Bandes dessinées
“ Les gens ont des points de vue faciles,  alors que c’est plus compliqué que cela ”

Agée de 24 ans, Marine de Francqueville est réalisatrice de films d’animation et illustratrice. Elle vient de publier « Celle qui nous colle aux bottes » aux éditions Rue de l’Echiquier. Une bande dessinée où elle confronte son point de vue à celui de son père, cultivateur dans l’Aisne. Un regard honnête, sans tabou et richement documenté sur l’agriculture et ses enjeux contemporains.

“ Les gens ont des points de vue faciles,  alors que c’est plus compliqué que cela ”
Marine de Francqueville sur sa table de dessin installée sur l’exploitation familiale. ©Marine de Francqueville

Comment est né votre projet de bande dessinée sur l’exploitation familiale ?
Marine de Francqueville : « Il est né de la différence que j’ai constatée entre les discussions que j’avais avec mes amis à Paris, qui s’intéressaient à l’écologie, s’inscrivaient à des Amap et baignaient, comme moi, dans ce mouvement-là, et celles que j’avais avec mon père, lorsque je rentrais chez mes parents et que j’allais l’aider sur la ferme.
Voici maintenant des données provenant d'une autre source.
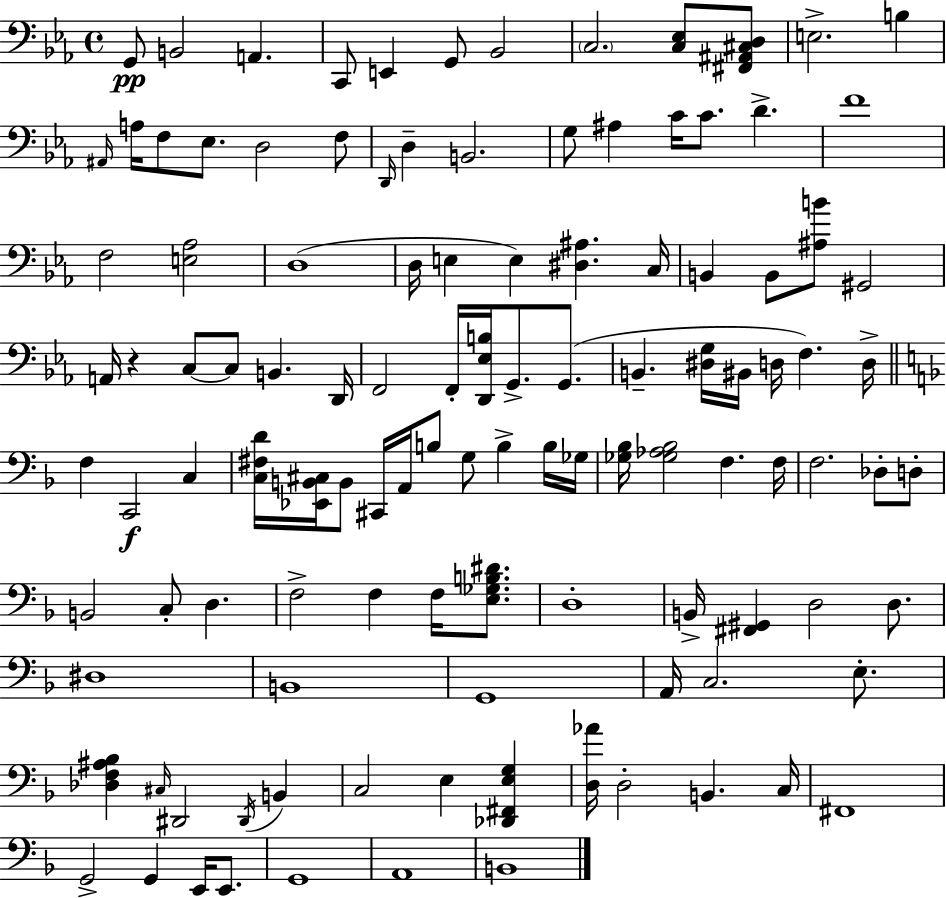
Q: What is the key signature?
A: EES major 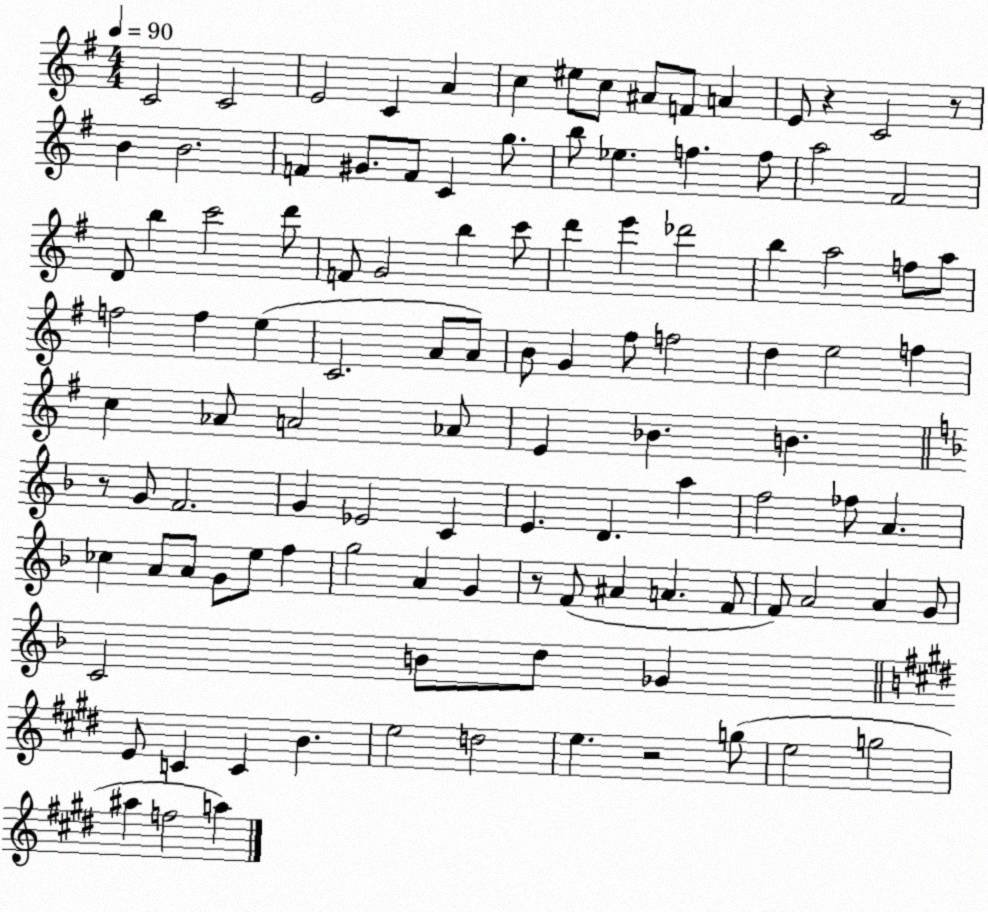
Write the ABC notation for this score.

X:1
T:Untitled
M:4/4
L:1/4
K:G
C2 C2 E2 C A c ^e/2 c/2 ^A/2 F/2 A E/2 z C2 z/2 B B2 F ^G/2 F/2 C g/2 b/2 _e f f/2 a2 ^F2 D/2 b c'2 d'/2 F/2 G2 b c'/2 d' e' _d'2 b a2 f/2 a/2 f2 f e C2 A/2 A/2 B/2 G ^f/2 f2 d e2 f c _A/2 A2 _A/2 E _B B z/2 G/2 F2 G _E2 C E D a f2 _f/2 A _c A/2 A/2 G/2 e/2 f g2 A G z/2 F/2 ^A A F/2 F/2 A2 A G/2 C2 B/2 d/2 _G E/2 C C B e2 d2 e z2 g/2 e2 g2 ^a f2 a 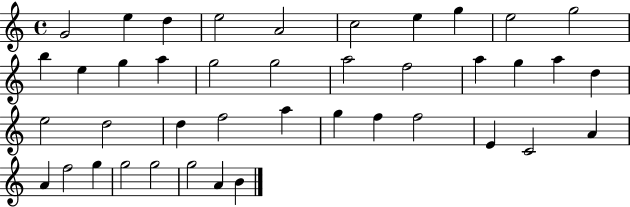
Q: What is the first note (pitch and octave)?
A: G4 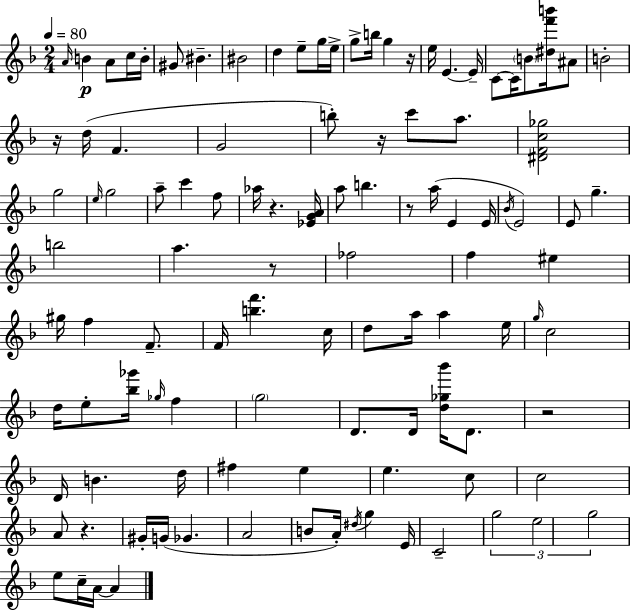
X:1
T:Untitled
M:2/4
L:1/4
K:F
A/4 B A/2 c/4 B/4 ^G/2 ^B ^B2 d e/2 g/4 e/4 g/2 b/4 g z/4 e/4 E E/4 C/2 C/4 B/2 [^df'b']/4 ^A/2 B2 z/4 d/4 F G2 b/2 z/4 c'/2 a/2 [^DFc_g]2 g2 e/4 g2 a/2 c' f/2 _a/4 z [_EGA]/4 a/2 b z/2 a/4 E E/4 _B/4 E2 E/2 g b2 a z/2 _f2 f ^e ^g/4 f F/2 F/4 [bf'] c/4 d/2 a/4 a e/4 g/4 c2 d/4 e/2 [_b_g']/4 _g/4 f g2 D/2 D/4 [d_g_b']/4 D/2 z2 D/4 B d/4 ^f e e c/2 c2 A/2 z ^G/4 G/4 _G A2 B/2 A/4 ^d/4 g E/4 C2 g2 e2 g2 e/2 c/4 A/4 A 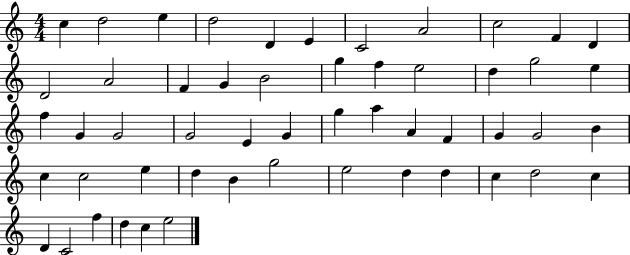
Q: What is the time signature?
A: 4/4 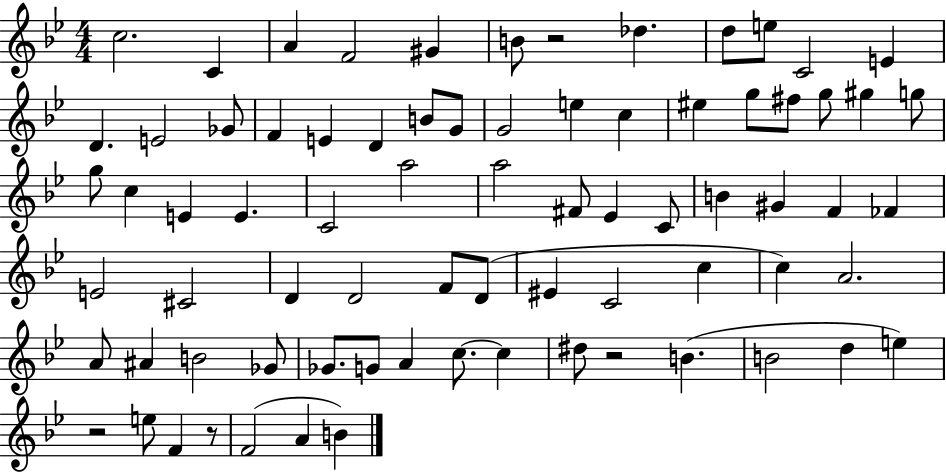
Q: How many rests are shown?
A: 4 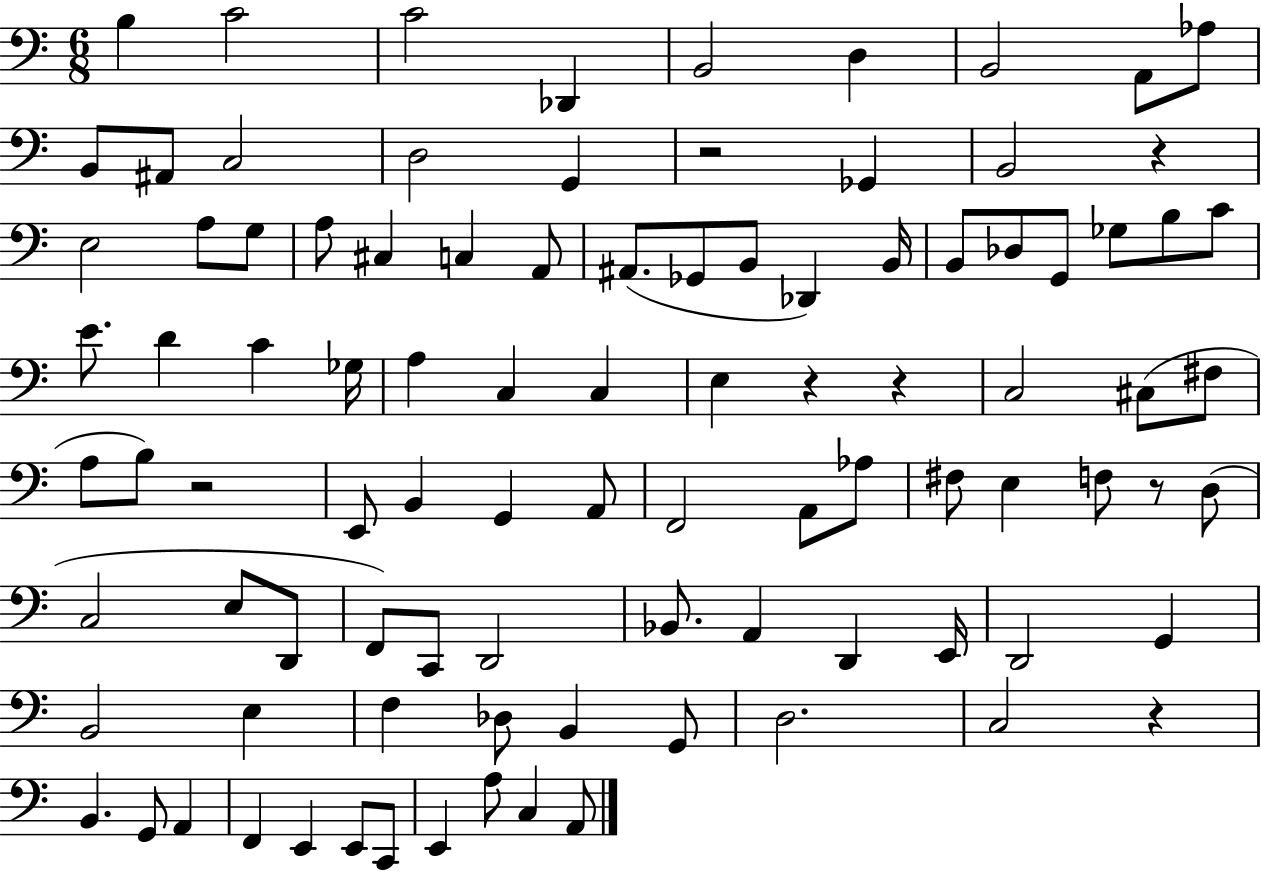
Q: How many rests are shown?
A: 7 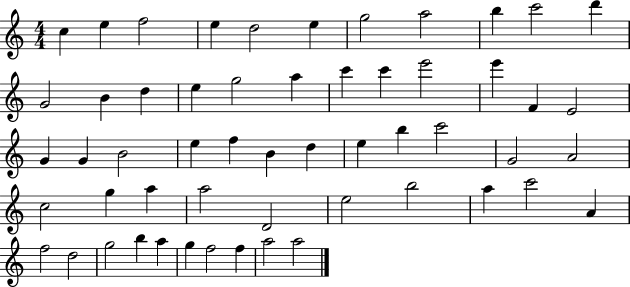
C5/q E5/q F5/h E5/q D5/h E5/q G5/h A5/h B5/q C6/h D6/q G4/h B4/q D5/q E5/q G5/h A5/q C6/q C6/q E6/h E6/q F4/q E4/h G4/q G4/q B4/h E5/q F5/q B4/q D5/q E5/q B5/q C6/h G4/h A4/h C5/h G5/q A5/q A5/h D4/h E5/h B5/h A5/q C6/h A4/q F5/h D5/h G5/h B5/q A5/q G5/q F5/h F5/q A5/h A5/h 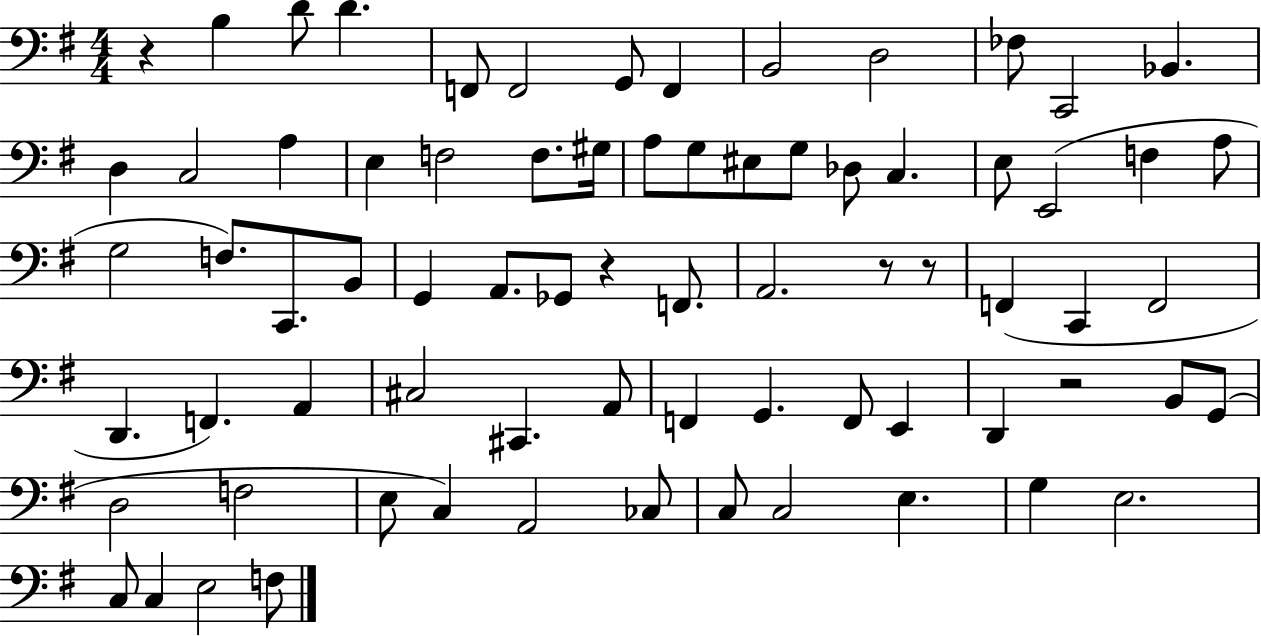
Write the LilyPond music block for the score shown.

Je le titillais en lui parlant de ce que j’entendais à Paris, qu’il ne fallait pas mettre de produits chimiques, que c’était horrible... Lui m’expliquait sa vie à lui, dans les champs, et était très énervé par tout cela : il se sentait attaqué. La question de cultiver et de se nourrir m’intéressait ; et je trouvais qu’il y avait quelque chose à expliquer sur ce décalage entre ceux qui en parlaient mais n’étaient pas sur les terres et ceux qui l’étaient mais se braquaient aussi… Les gens ont des points de vue parfois un peu faciles, alors que c’est plus compliqué que cela. »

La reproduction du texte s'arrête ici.